Alla vigilia dell’ultimo match l’unica cosa certa è che a chiudere la classifica sarà la Svizzera, con zero punti. Austria e Cecoslovacchia hanno concluso le loro fatiche e sono appaiate a 10 punti; Ungheria e Italia, che sono attese dallo scontro diretto a Budapest l’11 maggio 1930, di punti ne hanno nove. Conti alla mano, per magiari e azzurri vincere il confronto equivale a vincere la prima edizione della Coppa Internazionale.
Battere gli “ungarici” sul loro campo, cosa finora mai riuscita alla Nazionale, e sopravanzare gli austriaci. Già così sa di Grande Guerra portata sul rettangolo di gioco, per di più in una situazione politica generale in cui i richiami alla Patria e retorica annessa si sprecano. Se poi aggiungiamo che a guidare l’Italia è tornato da poco meno di un anno Vittorio Pozzo[1] – che al fronte il 1915 e il 1918 c’è anche stato -, non ci può sorprendere che gli azzurri vengano portati sul Carso prima della partenza in treno da Trieste in direzione Budapest.
Scrive La Gazzetta:

A Oslavia sostarono ai piedi del monumento che ricorda la gloria immortale dei nostri più puri eroi e il Cimitero dedicato al valoroso generale Papa, deponendo ai piedi di quel magnifico monumento fiori e fronde di alloro

Se, però, Ungheria e Italia pareggiano, ci sarebbe con un’ammucchiata di quattro squadre a 10 punti. Non è chiaro cosa succederebbe in questo caso. Di certo Austria e Cecoslovacchia – stesso numero di gol fatti, 17, e di gol subiti, 10, e migliore differenza reti rispetto a magiari e italiani – rientrerebbero in corsa per la vittoria finale. Cosa che – a leggere La Stampa – neanche il Sottosegretario alla Previdenza sociale Drehr del Regno d’Ungheria auspica. Alla stazione, accogliendo gli azzurri al termine del lungo viaggio in treno, ha, infatti, dichiarato:

Se voi vi impossesserete di quel trofeo, noi saremo i primi ad applaudirvi, mentre se noi ne saremo i depositari non certo voi ne proverete rimpianto perché […] il posto della coppa è a Roma o a Budapest.
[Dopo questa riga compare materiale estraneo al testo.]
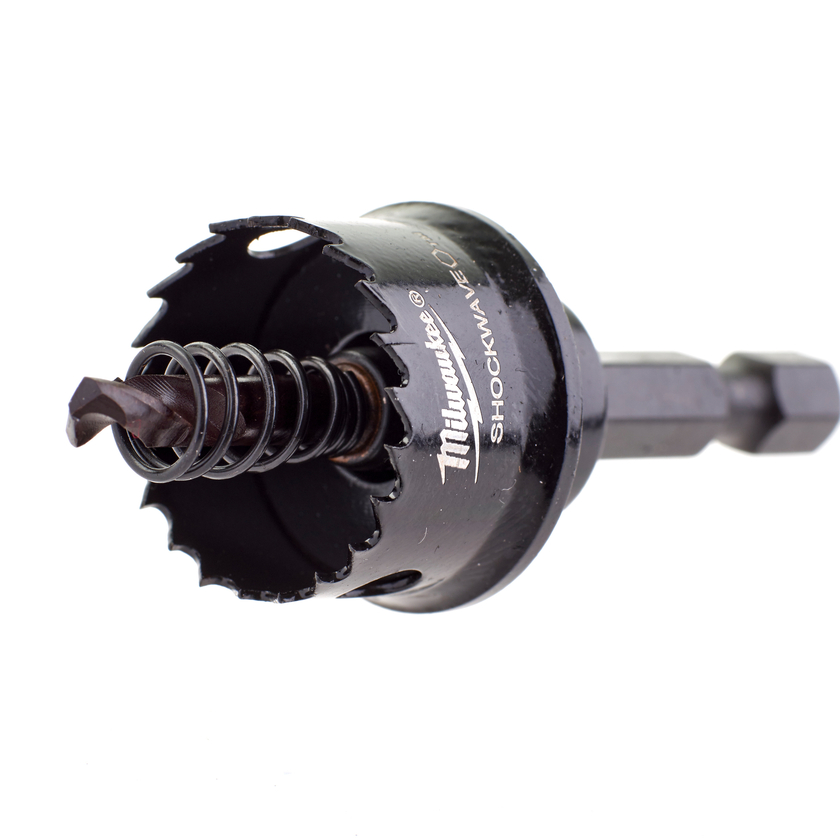 HÅLSÅG SHOCKWAVE 1/4HEX Ø22MM SHW H SAW 22MM. 8 TPI tandgeom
Per il governo ungherese il “posto giusto della coppa” non è, quindi, né Vienna, né tantomeno Praga, anche se il trofeo è in cristallo di Boemia ed è intitolato ad Antonin Švehla, l’ex Primo Ministro cecoslovacco che lo ha materialmente commissionato nel 1927. Poco importa, quando si tratta di rinsaldare alleanze politiche tramite la diplomazia del calcio, l’aderenza alla realtà dei fatti è opzionale. Il reggente d’Ungheria, l’ammiraglio Miklós Horthy, ha, infatti, da qualche anno intrapreso una politica di forte avvicinamento all’Italia e al regime fascista per evitare l’isolamento internazionale in cui Budapest è finita alla caduta dell’Impero austro-ungarico. Isolamento acuito dai contrasti con la vicina Cecoslovacchia[2].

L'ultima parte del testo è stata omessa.